The nation is suffering the
consequences of the shortsighted
economic policies implemented by the previous UPA Government. The UPA had implemented the MNREGA and loan waiver schemes in its first term. These schemes provided relief to the common man. The UPA was rewarded by the voter in 2009 for this largesse. But these programmes had negative impact on the economy. The Government had to cut investments in highways, bullet trains, digital governance and fighter air crafts because the budget was used up in these populist schemes. The problem was compounded by the widespread corruption at the highest echelons of the Government. The money was leaked from the coffers of the Government and invested abroad, sent away for the import of gold, or invested in real estate. In the result the economy got deflated just as a person is weakened if he sells his blood to the blood bank continuously.
Revenue of the Government was being leaked away. This was made up by printing notes. This led to inflation. The prices in the vegetable market increase during the marriage season because large numbers of new buyers come into the market with bundles of currency notes in their pockets. Similarly, prices increased because the UPA Government entered the market with newly printed notes. Such printing of notes would be acceptable if the notes were spent in productive investments. Say, a government prints notes worth Rs 100 crore and uses these to build a highway. The prices will increase because of the influx of these newly printed notes in the market. However, the highway will lead to lower cost of transport and lead to lower prices when the highway is built. Thus the increase in price will only be temporary. The impact of the same printing of notes would be altogether negative if the notes were used for increasing consumption through MNREGA or corruption. Such a use of printed money for increasing consumption leads to "stagflation," that is, stagnation plus inflation. The growth remains placid because new investments do not take place but prices rise due to printing of the notes.
The NDA Government inherited an economy that was mired in stagflation. The NDA has cleaned up corruption in high places. A knowledgeable person told this writer that a Union Minister gave instructions that the food should be arranged at no more than Rs 100 per plate for an official dinner so that he did not attract the ire of the Prime Minister! Such scrutiny and control of government expenditures is wholly welcome. The problem is that there is no growth either. The single point focus of the NDA Government is to control price rise. This has led to the Government not making the expenditures that are necessary to jumpstart growth.

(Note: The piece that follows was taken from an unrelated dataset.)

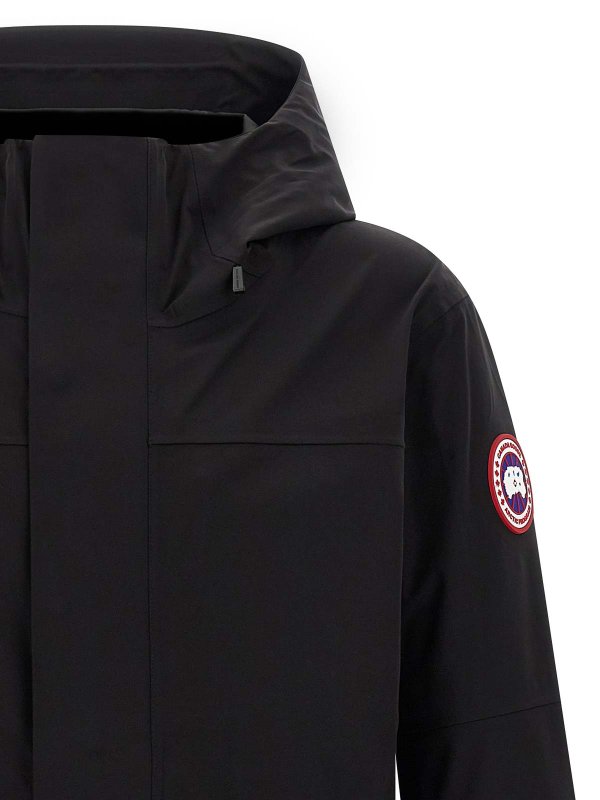 The Best Shops Canada Goose: カジュアルジャケット - カジュアルジャケット - 黒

The claims being made by the Government of seven percent plus growth appear to be fudged. A motor mechanic said that he had more work than he could handle during the UPA Government. He used to open his shop in the morning thinking which car to repair today. Nowadays he has no work. He sits idle hoping for some customers to drop in. Car owners are not even getting the regular service of their cars done because they do not have the money. They are getting service done after 10,000 kilometers instead of 5,000 kilometers previously. Other indicators of growth such as generation of employment and increase in bank credit also do not show buoyancy. It must be remembered that the growth rate is calculated by government officials on the basis of data collected from the field. Many assumptions are made in making the calculations. For example, it may be assumed that the industrial output in all districts of the country is equal to the output observed in Gurgaon. Instructions can be given to show increased production of agricultural crops. It is easy for the data to be manipulated. The NDA Government has led the economy into a deflationary path by not making the necessary investments.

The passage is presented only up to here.